There is a huge difference between observations an perceptions. Perceptions can be the product of misrepresented conditions. Political discourse is full of misrepresented conditions.
AFAIK, that's part of the original ideas behind UBI.
You eventually reach a point where "income" becomes sort of obsolete as a concept.
It is a partial transition to a potentially different economic structure. That implies a transition period.
UBI could just as well be a precedent that leads to decentralisation of social, economic and political structures.
That's my take.
What concerns many people, including myself is the time between now and tech unemployment; and the time between now and fundamental economic change. There could be a little lag with the adaptation of new types of entrepreneurship. This is the operant conditioning that I"m referring to. I'm not sure how quickly the populous will respond to the ques. On the same note though, I'm pretty sure that almost everyone will find something useful to do when unemployed. That's an evolutionary predisposition as well.
I saw something disturbing in the Post not long ago. "relieve poverty and cushion the effects of economic dislocation without encouraging idleness and sloth"

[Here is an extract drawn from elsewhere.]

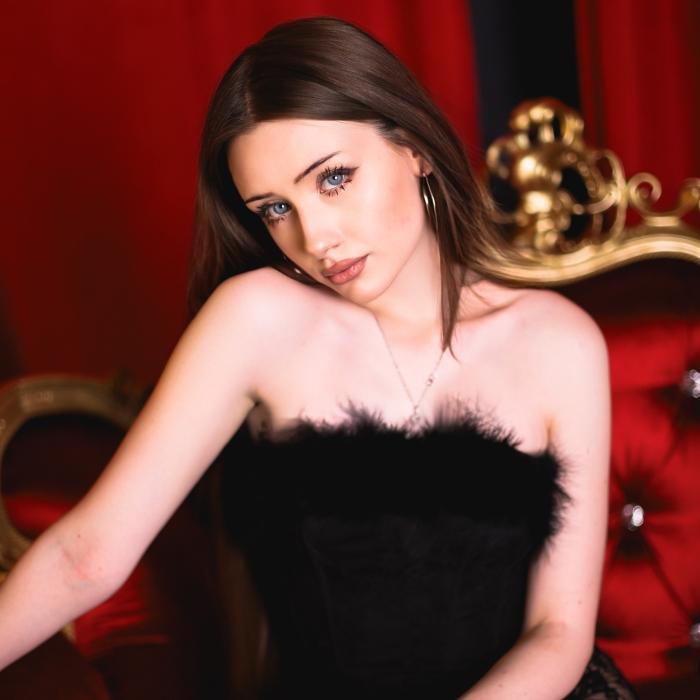 Sexy wife Oleksandra, 18 yrs.old from Mykolaiv, Ukraine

It makes me wonder what types of "incentives" they are cooking up for control measures under UBI. This concerns me because the governing structure would control access. On the same note however, the populous would likely respond by creating access with crowd tech that exists now. This probably suggests that UBI isn't sustainable, though temporarily useful.
Technology, namely data analysis has pretty much been sufficient enough to solve the trade problem with barter for the past 100 years. Now it's more than sufficient to obsolete trade systems all together. The problem with implementing it is with the autonomy that will not only be required but also demanded. Prefab social systems are having a great deal of difficulty gaining traction; because they just don't make sense. The Venus Project was put in the limelight by Zeitgeist and now Zeitgeist is politically polarized. This is probably because of operant conditioning as well. I wouldn't expect more than small contributions from either project.
The decentralized models are having a great deal of success though. Open source is kind of new model for gift economics. It might have a lot of influence; provided that a more coherent model for accounting emerges. This essentially means a large number of people working on it.
I guess it's time for "the economists in the audience" to pick up the glove
The truth is automation isn't in itself that different from other processes of technological innovation. Even a fully automated economy (which isn't granted by current events) would be relatively easy to understand, and we could have many versions of such economy depending mostly on property rights and the wealth distribution. Despite seeming a disruptive, game-changing development, it isn't really that special, nor should we fear it more in economic terms than any other process of innovation. It's a topic that deserves a lengthy discussion that probably exceeds a forum post, but the TL;DR is that part of the apocalyptic views stems from a failure to distinguish partial equilibrium effects from general equilibrium results. While partial effects are more easily perceived by non-economists, general equilibrium logic comes with a bit of training in economics. There is a classic article by Paul Krugman explaining the differences between businessmen and economists (link: https://alvaroaltamirano.files.wordpress.com/2010/05/krugman_a-country-is-not-a-company.pdf), which applies to other non-economists as well.
However, part of the concerns are not spurious. While a well-functioning economy full of robots is easy to outline (and it's actually an excitement prospect), the hardship is in the transition towards said economy. To make an analogy, having a lot of robots is no worse than having a lot of trains, but the process of expanding railroad transportation in the XIX century did open many wounds, albeit transitory from an historical perspective, that were very real for those alive at the time. Moreover, how the transition is carried out can shape which version of the automated economy we get.